• _Exercise objective_: Everything from the opening line of the records below through the line with "Custom Volleyball Tumbler" must be duplicated exactly, pictures left out.

• _Records shown_:
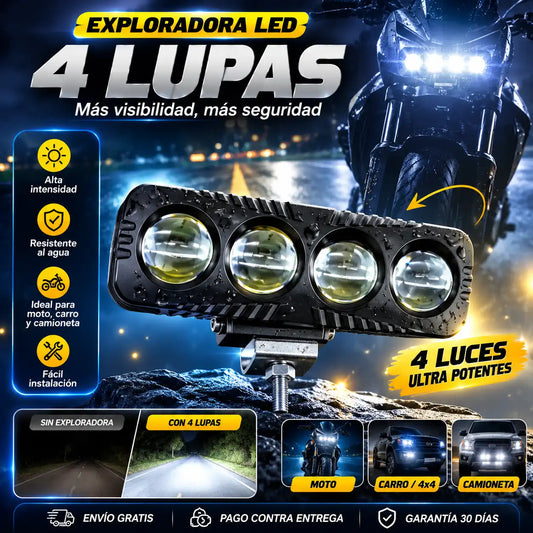🔦 Par de Exploradoras Lineal 4 Lupas – Máxima Potencia 🚙💥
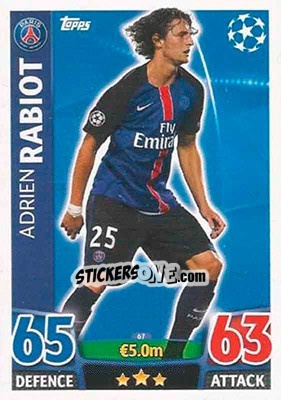 Sticker Adrien Rabiot - UEFA Champions League 2015-2016. Match Attax n. 67 - Topps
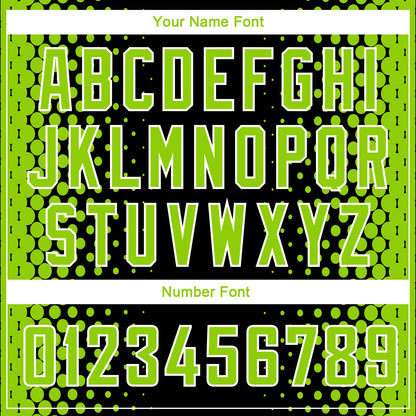 Custom Black Neon Green-White Halftone Authentic City Edition Basketball Jersey - Sky-Custom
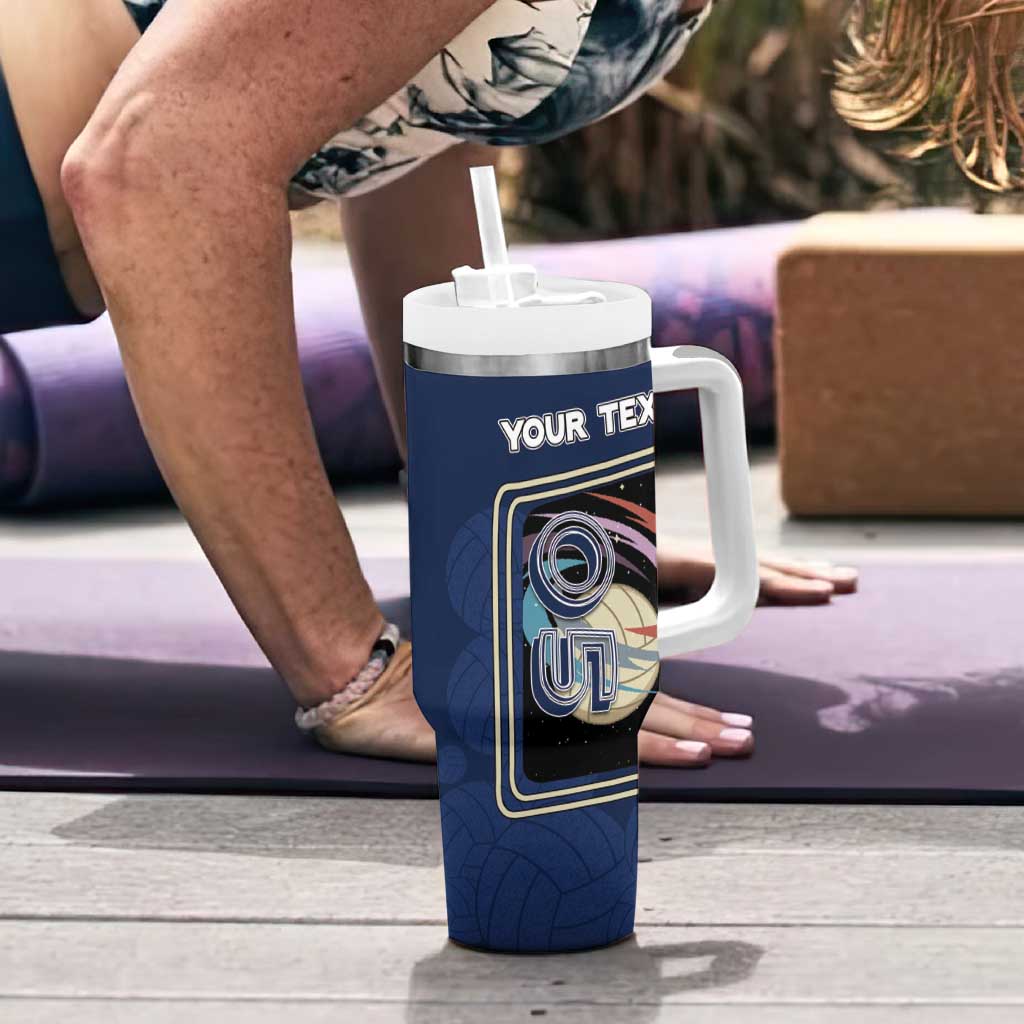 Custom Volleyball Tumbler With Handle Astronaut Cosmic Spiker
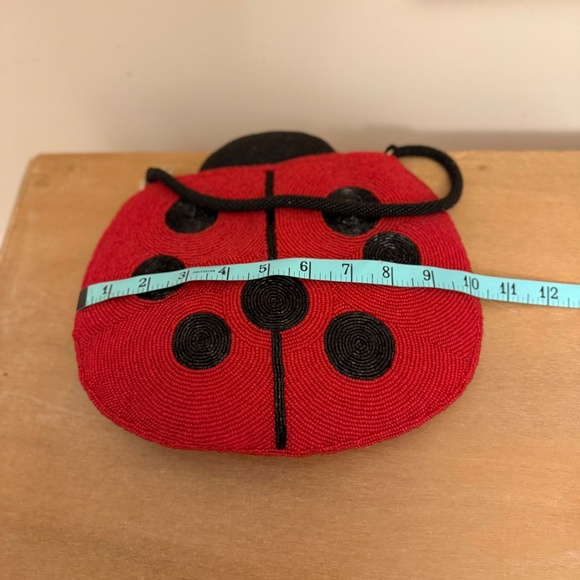 VTG Red Black Seed Beaded Ladybug Purse & Wallet Set Kitsch Handbag Mid-Century - Picture 6 of 10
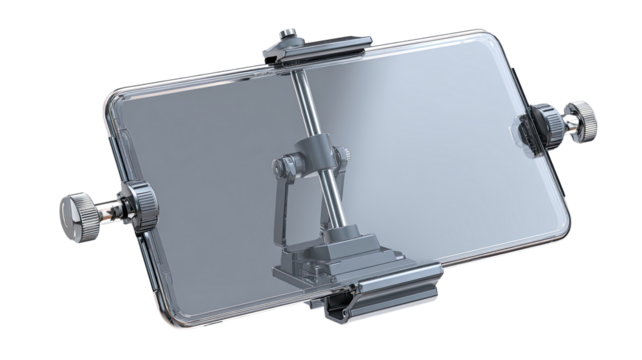 Clear protective enclosure for a tablet device, featuring a  mechanical arm assembly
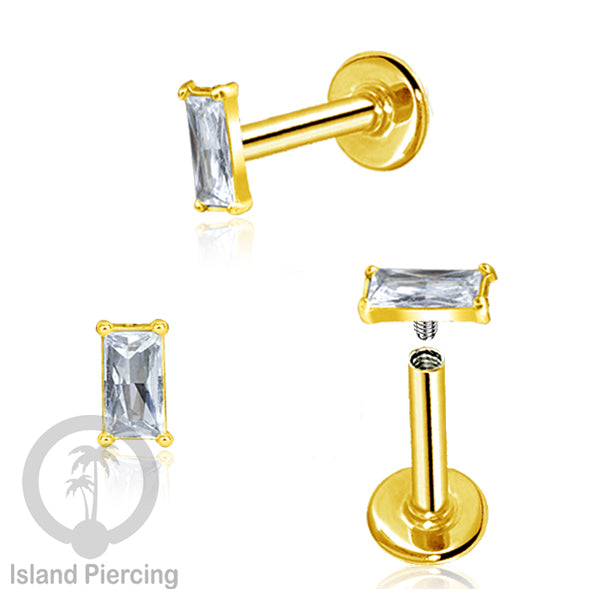 Piercing Labret Stainless Steel warna gold dengan Zirconia banyak bentuk.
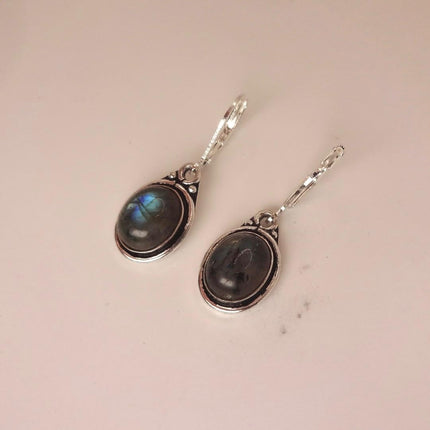 Vintage Labradorite Dangle Earrings Sterling Silver Design Statement Leverbacks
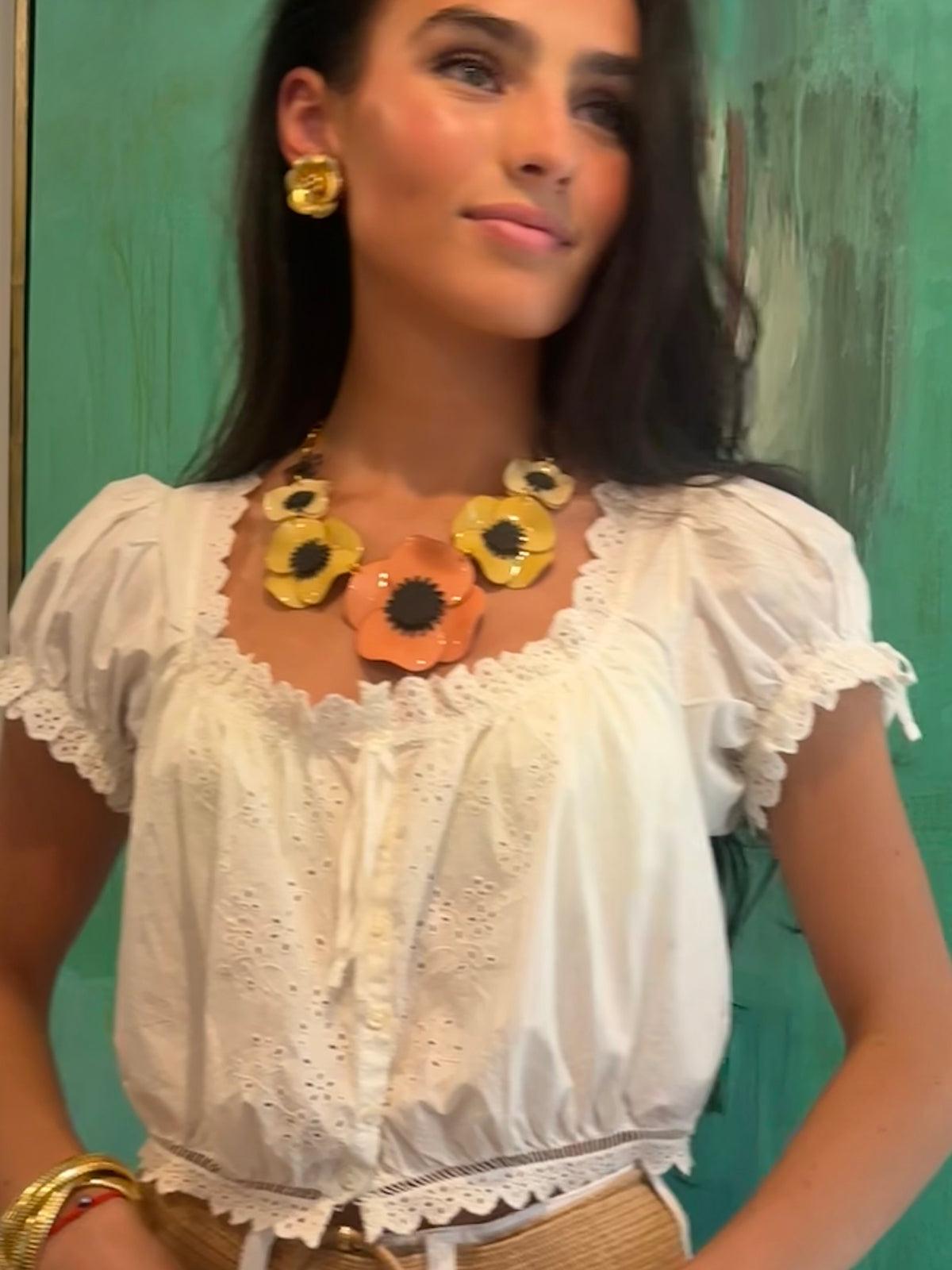 Cilea Paris Floral Statement Necklace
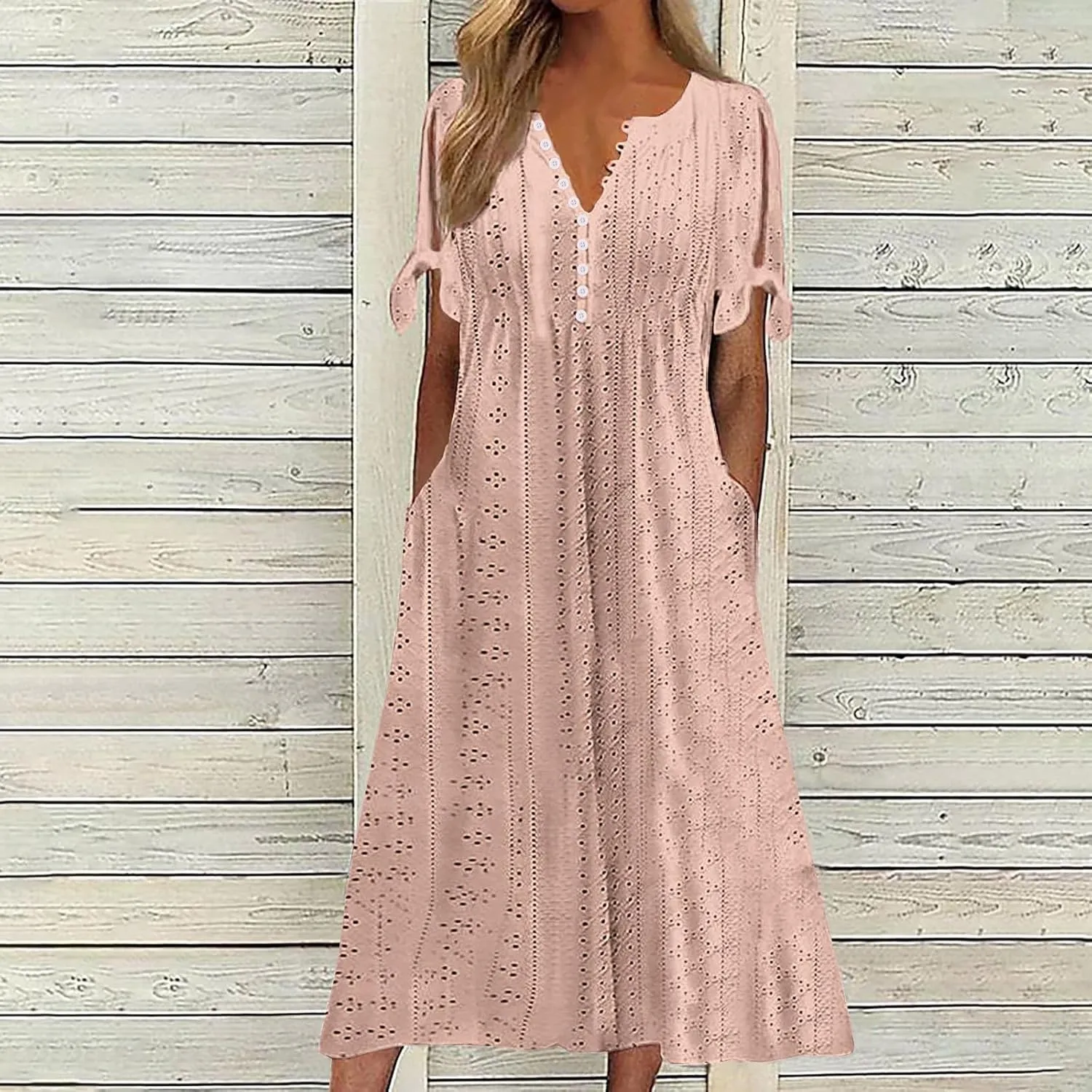 Women Hollow Eyelet Midi Dress Summer Fashion Tie Knot Short Sleeve Shirt Dresses Casual Button V Neck A-Line Dress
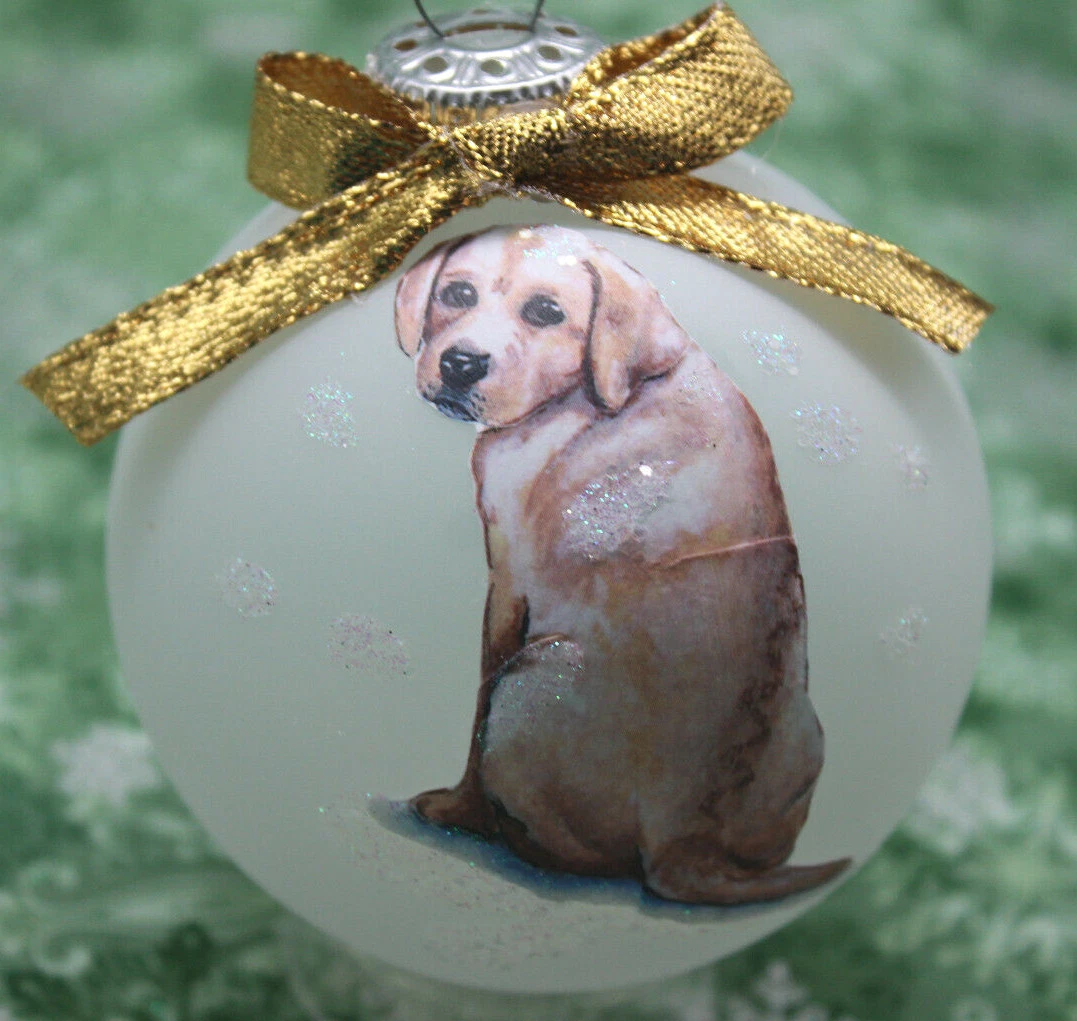 Yellow lab cheap ornament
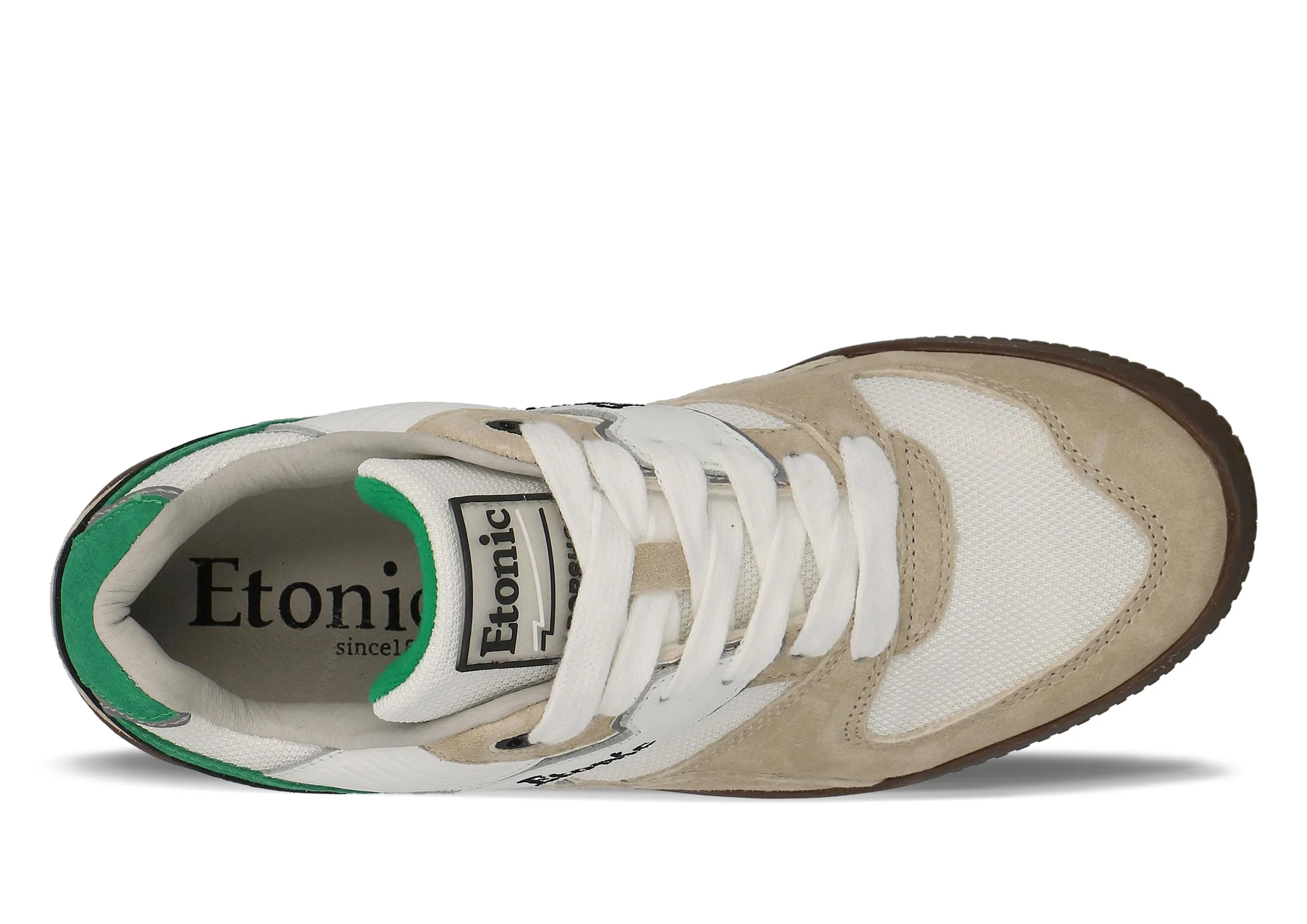 Etonic DROPSHOT sneakers in beige suede leather, white mesh, green and black details with light honey outsole.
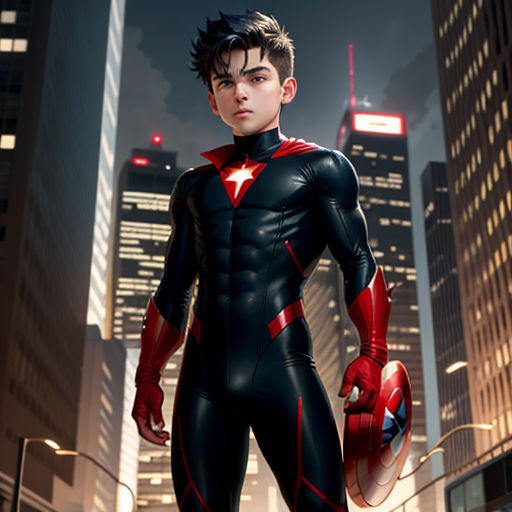 a man in a suit standing in a city at night with a red light on his chest and a red glove on his hand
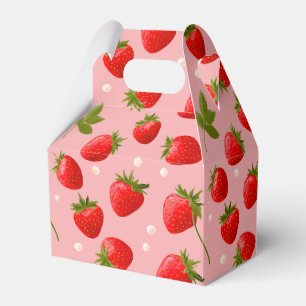 Strawberry Berry First Birthday Party Favor Favor Boxes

• _Response_:
🔦 Par de Exploradoras Lineal 4 Lupas – Máxima Potencia 🚙💥
 Sticker Adrien Rabiot - UEFA Champions League 2015-2016. Match Attax n. 67 - Topps
 Custom Black Neon Green-White Halftone Authentic City Edition Basketball Jersey - Sky-Custom
 Custom Volleyball Tumbler With Handle Astronaut Cosmic Spiker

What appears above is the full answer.